After re-reading my posts, I apologize for not being "gender neutral".
We've worked this issues before and spent way more time & effort before we "found the key".


----------



## PSMizzou (Jun 13, 2010)

veryoldschool said:


> After re-reading my posts, I apologize for not being "gender neutral".
> We've worked this issues before and spent way more time & effort before we "found the key".


No need to apologize as I was not offended in the least. I'm very grateful for your help as I will sleep much better tonight knowing that I don't have to call D* once again tomorrow in an attempt to get some help.


----------



## hdtvfan0001 (Jul 28, 2004)

PSMizzou said:


> Anyway, you all are the best! Thank you so much for a quick response and easy solution. By the way, not that it matters, but I'm a female. I'm pretty tech-savvy compared to most women I know, but I don't have anywhere near the knowledge you all have so I sincerely appreciate your help.


I followed the thread for a bit, and saw he was assisting...

Glad to hear (but not surprised) that VOS got you working - he is the best indeed.


----------



## dwcolvin (Oct 4, 2007)

PSMizzou said:


> It worked! ... Now I just wish I had a way to contact them and let them know how to fix it in case they encounter the same problem in the future.


:hurah:

There's enough of a crossover between dbstalk and the DirecTV Technical Forums that the message should get through eventually.

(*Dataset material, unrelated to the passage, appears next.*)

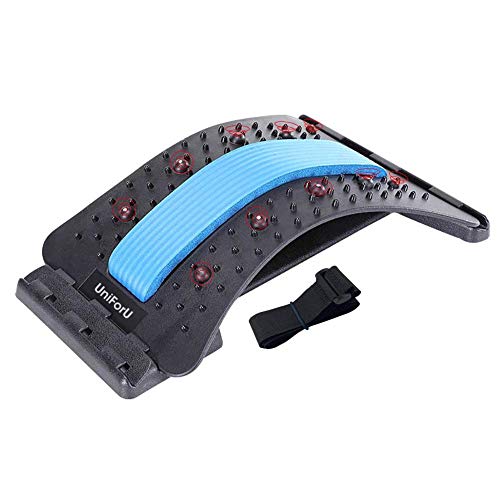 MR. FIERO BACK STRETCHER RELAX MATE - BLACK/BLUE - Like New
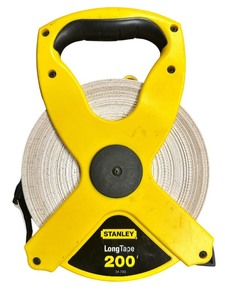 lot 159 image: Stanley 200 ft. Fiberglass Open Reel Long Tape Measure, model 34-793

This _is_ kind of an unusual case (except for us techies)... had it been installed the 'right way', it would have worked right out of the box. But once it determines it's supposed to use Ethernet, it won't try DECA again (without VOS )


----------



## Barry in Conyers (Jan 14, 2008)

veryoldschool said:


> Sounds like the HR24 has had the internal DECA disabled. Has this ever had an ethernet cable connected? Try rerunning the SAT setup. This reactivates the internal DECA. Do this only after there is no ethernet cable connected and keep ethernet away from the HR24, if you want to use DECA.





veryoldschool said:


> Some have been able to reboot without the ethernet connected, but others "we've fought with" for a long time and the final "winner" was to re-run the SAT setup.


I want to add to the information from VOS about re-running satellite setup to reactivate DECA on a HR24.

About 3 months ago, I installed a SWM8 to clean up some cabling issues. About 3 weeks ago, I activated 2 HR24's and a H24 and deactivated a HR20 and a H20. This weekend, I added a DECA module to provide internet access. The H24 and one HR24 connected to my LAN very quickly, but the other HR24 could not see the LAN and returned a 70-792 error. Tried a bunch of things (menu reset, RBR, rerunning network setup, swapping locations with the "good" HR24, etc.) with no success and finally called DirecTV. Tech Support was very helpful, but finally concluded that the internal DECA function was dead and arranged to send a replacement HR24.

A little later, I remembered the post by VOS about re-running satellite setup and thought "why not?". After re-running satellite setup, the "defective" HR24 immediately connected to my LAN.

*The HR24 in question has never been connected to ethernet, so it seems that re-running satellite setup may be useful to ACTIVATE the DECA function in addition to re-activating it after using the ethernet port.*

YMMV.


----------